*** DATA FOR THIS TASK Section Begins ***
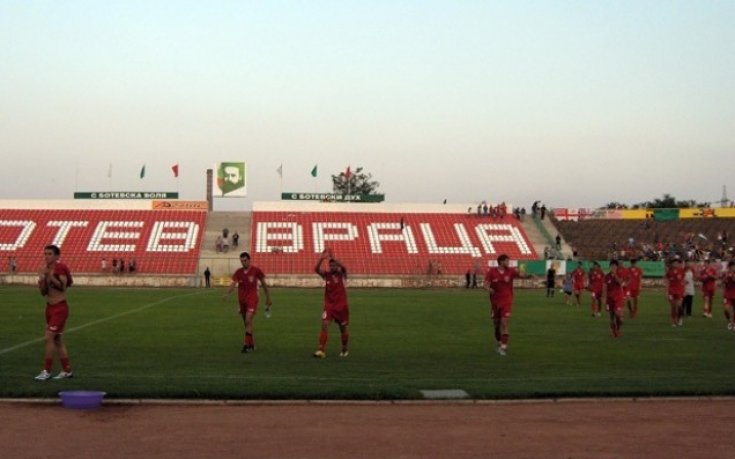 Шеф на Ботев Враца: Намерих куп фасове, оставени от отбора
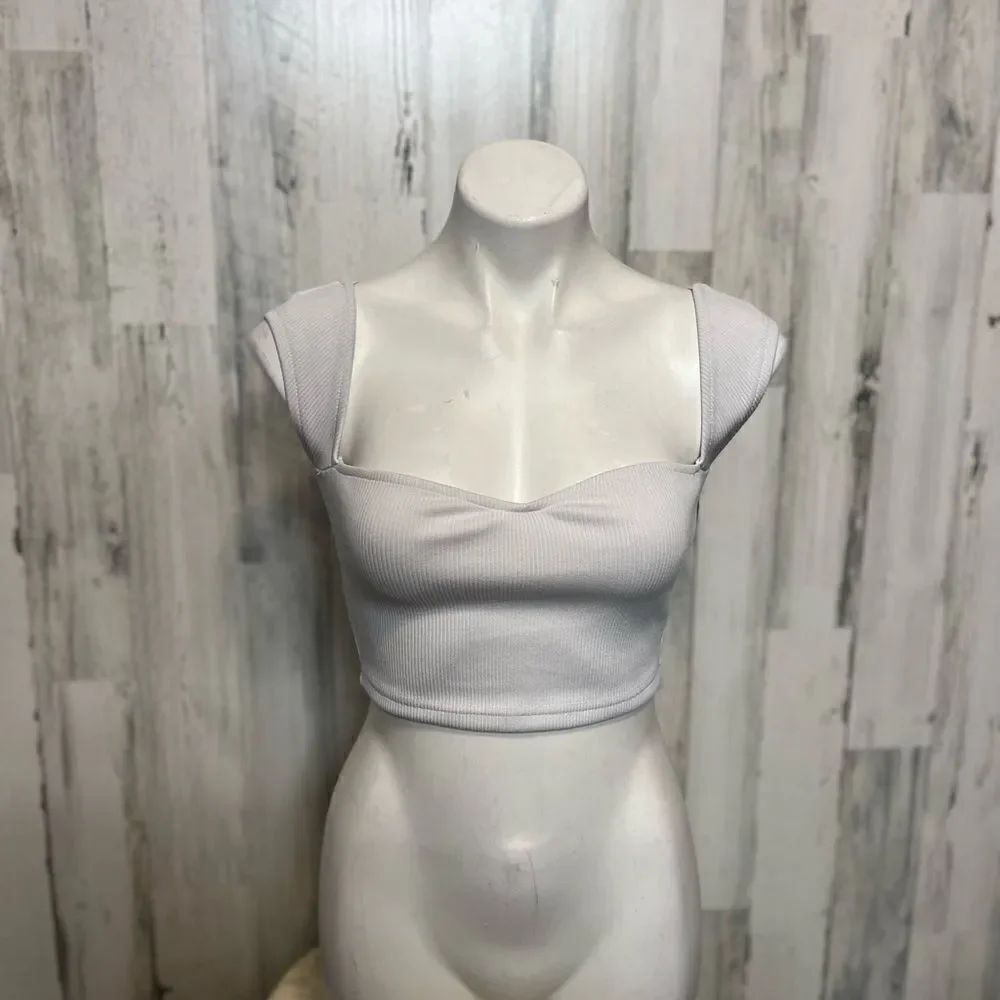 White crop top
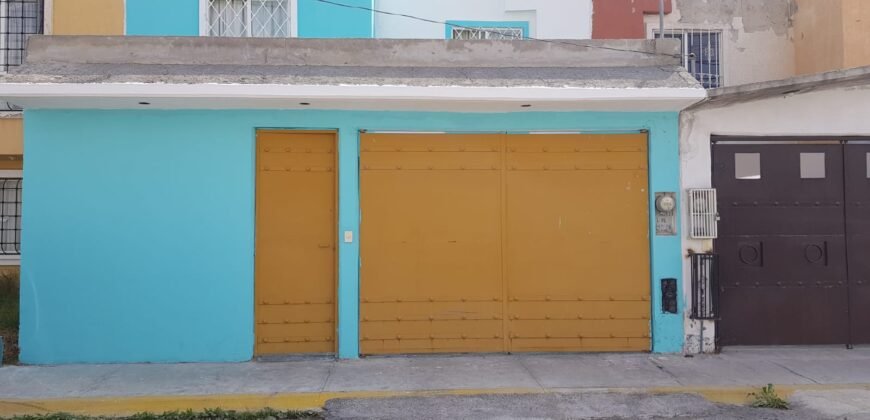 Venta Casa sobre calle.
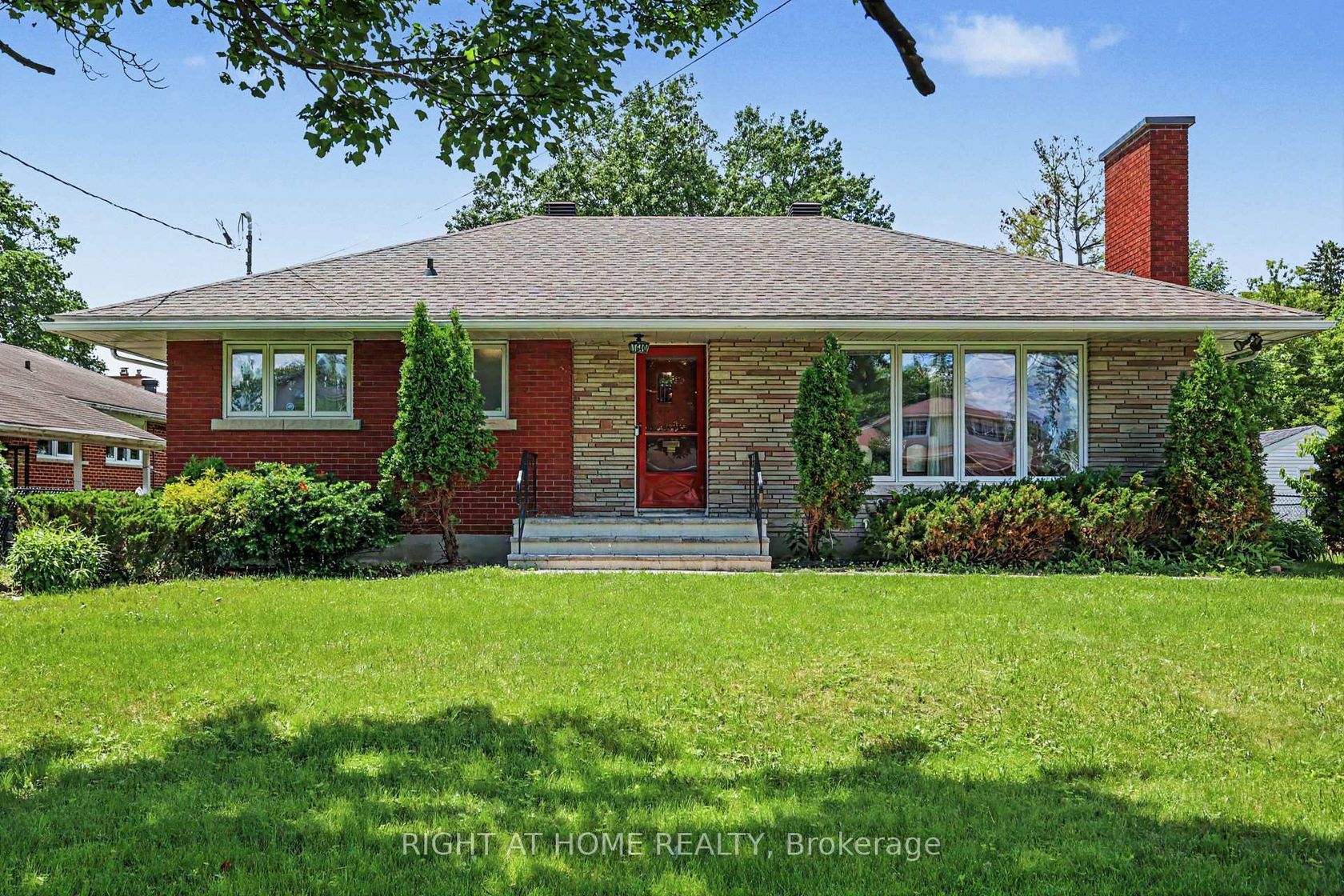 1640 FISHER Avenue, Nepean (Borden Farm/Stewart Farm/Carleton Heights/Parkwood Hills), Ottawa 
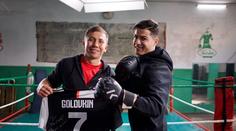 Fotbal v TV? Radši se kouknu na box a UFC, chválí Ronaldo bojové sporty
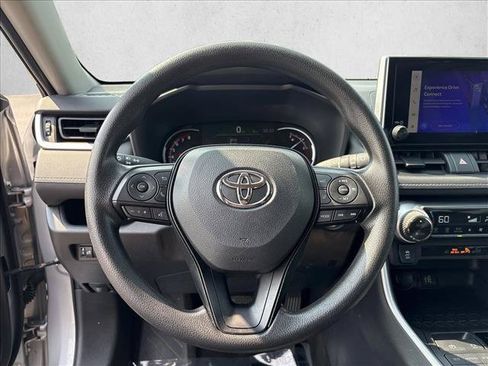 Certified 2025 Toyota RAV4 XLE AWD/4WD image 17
*** DATA FOR THIS TASK Section Ends ***
*** DATA FOR THIS TASK Section Begins ***
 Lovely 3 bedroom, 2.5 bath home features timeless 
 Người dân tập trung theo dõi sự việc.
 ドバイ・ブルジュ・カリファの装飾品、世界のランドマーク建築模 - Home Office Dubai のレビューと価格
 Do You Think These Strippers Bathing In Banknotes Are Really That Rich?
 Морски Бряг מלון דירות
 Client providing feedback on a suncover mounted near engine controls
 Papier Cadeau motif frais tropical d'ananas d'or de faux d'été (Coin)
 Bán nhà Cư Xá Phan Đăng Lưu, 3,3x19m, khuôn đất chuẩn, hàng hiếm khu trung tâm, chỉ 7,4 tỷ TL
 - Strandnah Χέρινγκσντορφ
*** DATA FOR THIS TASK Section Ends ***
*** DATA FOR THIS TASK Section Begins ***
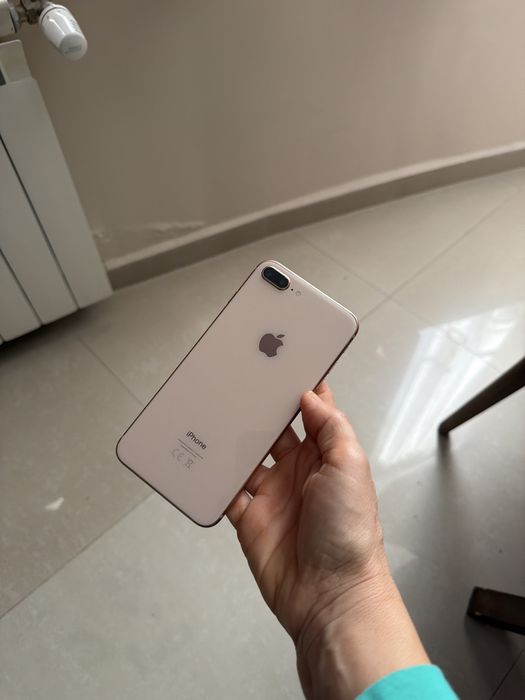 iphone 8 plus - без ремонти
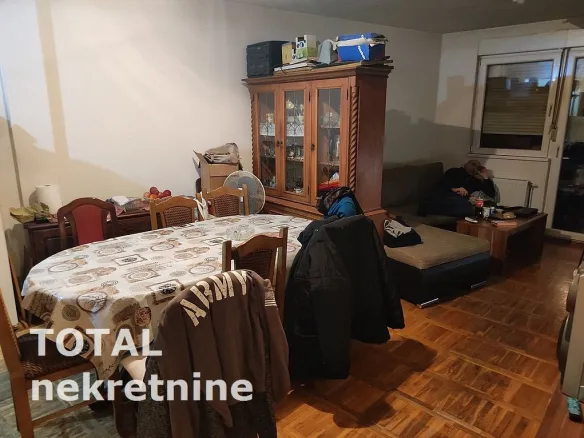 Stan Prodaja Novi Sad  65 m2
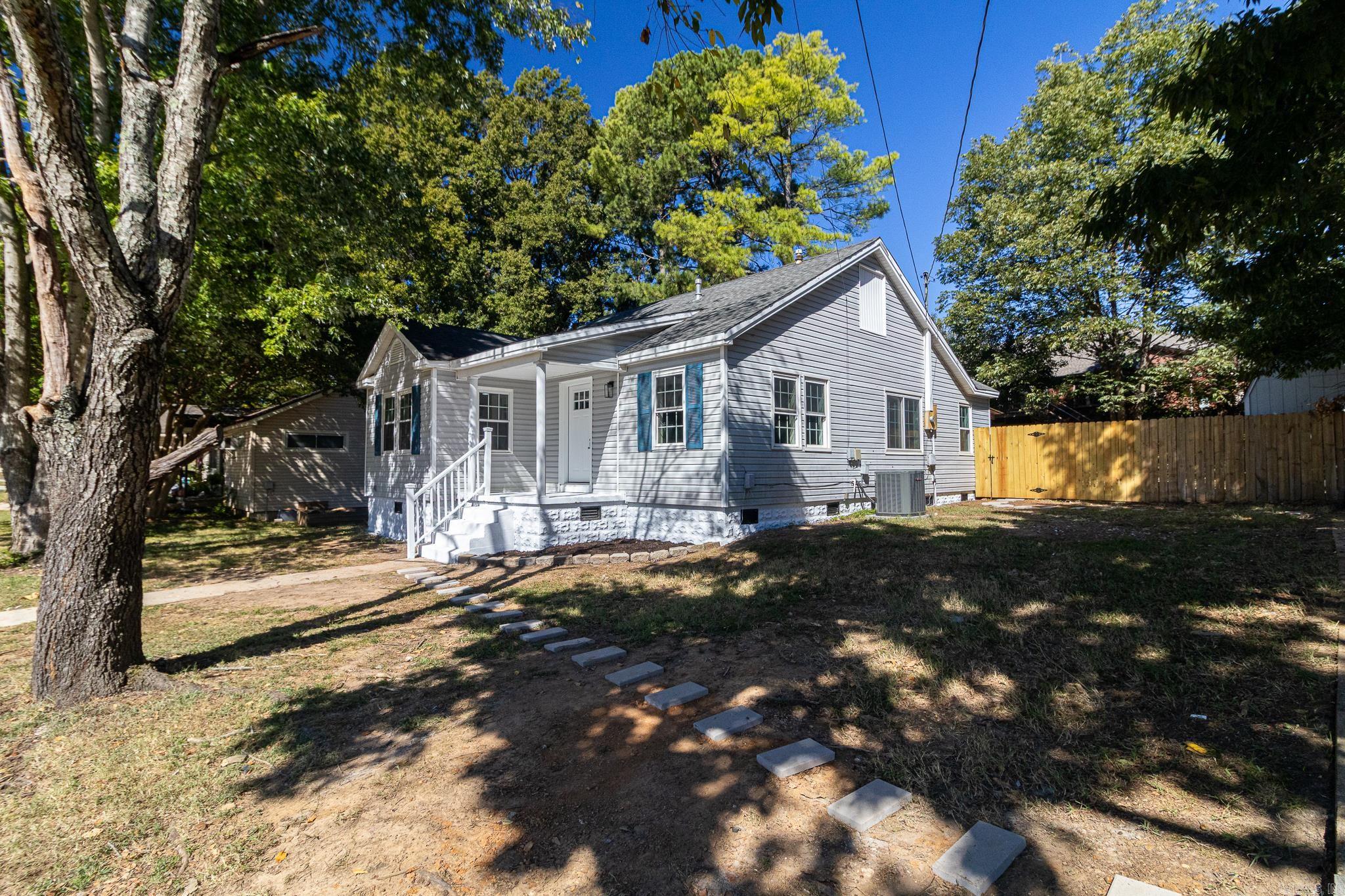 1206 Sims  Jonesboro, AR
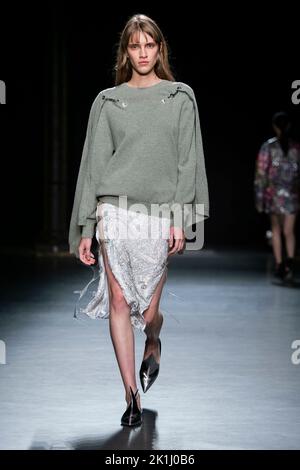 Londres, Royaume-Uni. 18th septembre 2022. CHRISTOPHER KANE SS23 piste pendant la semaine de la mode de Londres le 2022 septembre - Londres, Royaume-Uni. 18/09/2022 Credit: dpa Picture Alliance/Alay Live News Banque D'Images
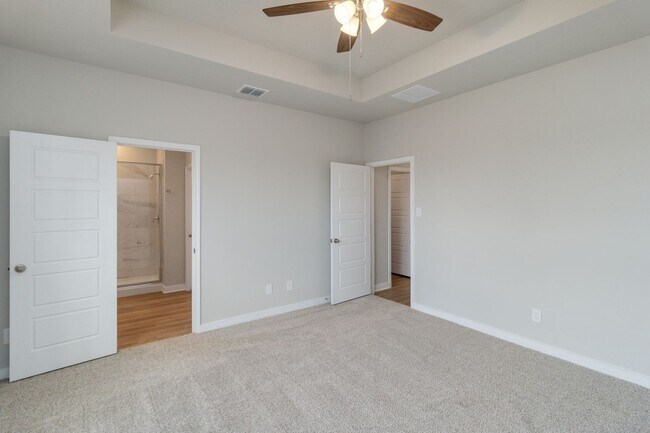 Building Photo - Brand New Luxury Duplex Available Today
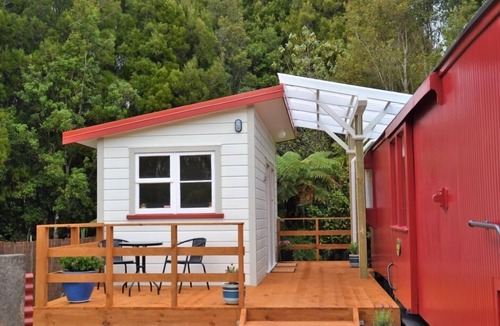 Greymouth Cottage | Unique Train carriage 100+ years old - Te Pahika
*** DATA FOR THIS TASK Section Ends ***
▶ **WHAT YOU ARE ASKED TO DO**: Search the entries above for the string "trung", and report each line where it occurs.

▶ **OUTPUT**:
 Người dân tập trung theo dõi sự việc.
 Bán nhà Cư Xá Phan Đăng Lưu, 3,3x19m, khuôn đất chuẩn, hàng hiếm khu trung tâm, chỉ 7,4 tỷ TL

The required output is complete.